Perhaps if the existing documentation is clear, a PLR will not be necessary. However, if a PLR is the only solution, at least the IRS charges for rollovers are much less than other rulings and based on the amount of the rollover.



How can you possibly have a rollover without first having a distribution? or are you incorrectly calling an IRA to IRA Transfer a rollover?



Yes, I incorrectly said it was a rollover while in fact, it was an IRA to IRA transfer. The brokerage firm sent the client and IRS a corrected tax document (Form 5498). The IRS sent a letter to client indicating they accepted the corrected document and that the client did not owe any taxes on the transferred amount. However, the money is still sitting in a non-qulaified contract with the annuity carrier. Since, the IRS has accepted the corrected form, I think a PLR is an extreme and unnecessary requirement from the insurance company to re-code the account.



What account number shows on the 5498? A 5498 is used to report an IRA contribution. Since the funds were distributed from an IRA to a taxable brokerage account and from there to a NQ annuity, this was never an IRA to IRA transfer, but a distribution that the IRS considered taxable but then relented when the 5498 was issued reporting receipt of a rollover contribution.

But the present problem is the inconsistency of a 5498 with a NQ annuity account if the annuity AC number is entered on the form. That must be corrected and for the 5498 to be considered valid the account number shown on it must be an IRA account number. I think the issue needs to be elevated to someone with the insuror that understands this and knows how to transfer the annuity contract into an IRA annuity. As things stand now, the big loser is not the client because he has a tax free distribution to an annuity with possibly full basis. The US Treasury has a non existent IRA on which they will never collect income taxes or RMDs. The client then appears to have IRS leverage behind him in getting this corrected to an IRA annuity.
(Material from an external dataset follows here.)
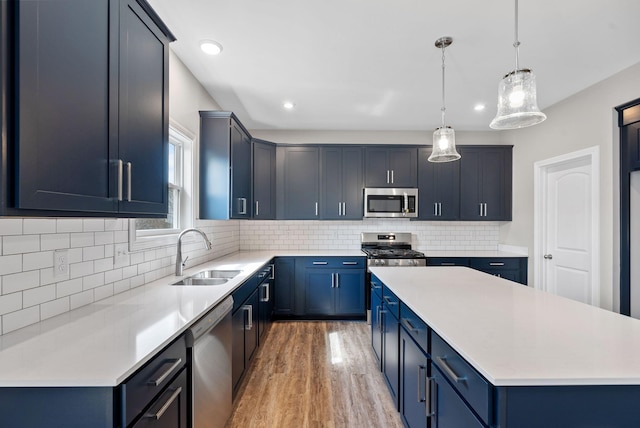 kitchen featuring light wood finished floors, a sink, appliances with stainless steel finishes, blue cabinets, and a center island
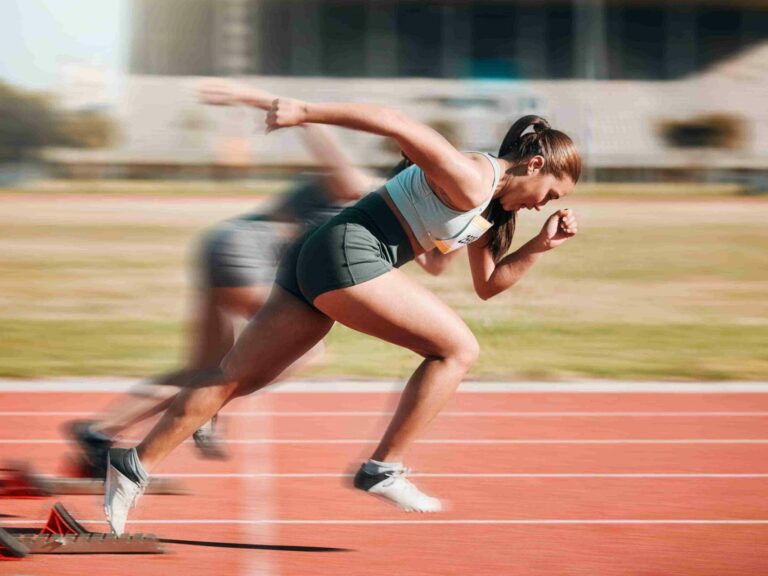A woman running on a track going fast enough that her legs are blurry.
It seems odd that the insuror would allow this error to persist.



The account number on the 5498 is the IRA brokerage account number, as the annuity contract number is not mentioned anywhere. I am not sure what could eventually happen since the annuity company won’t change the ownership of the contract. I don’t want my client to have problems down the road, but it sounds like my client might come out ahead if nothing is done. What is the worse that could happen in this situation?



In your first post you indicated that the rollover IRA was deposited into a non-IRA brokerage account. Apparently, the rollover IRA custodian issued a 1099R which generated the initial tax bill. In your last post you indicated that the brokerage account was actually an IRA account, and a 5498 was generated that can only be issued on an IRA account. The IRS then waived the tax bill because the 5498 showed the prior distribution was rolled over. So everything is fine with respect to the money rolled to the IRA brokerage account.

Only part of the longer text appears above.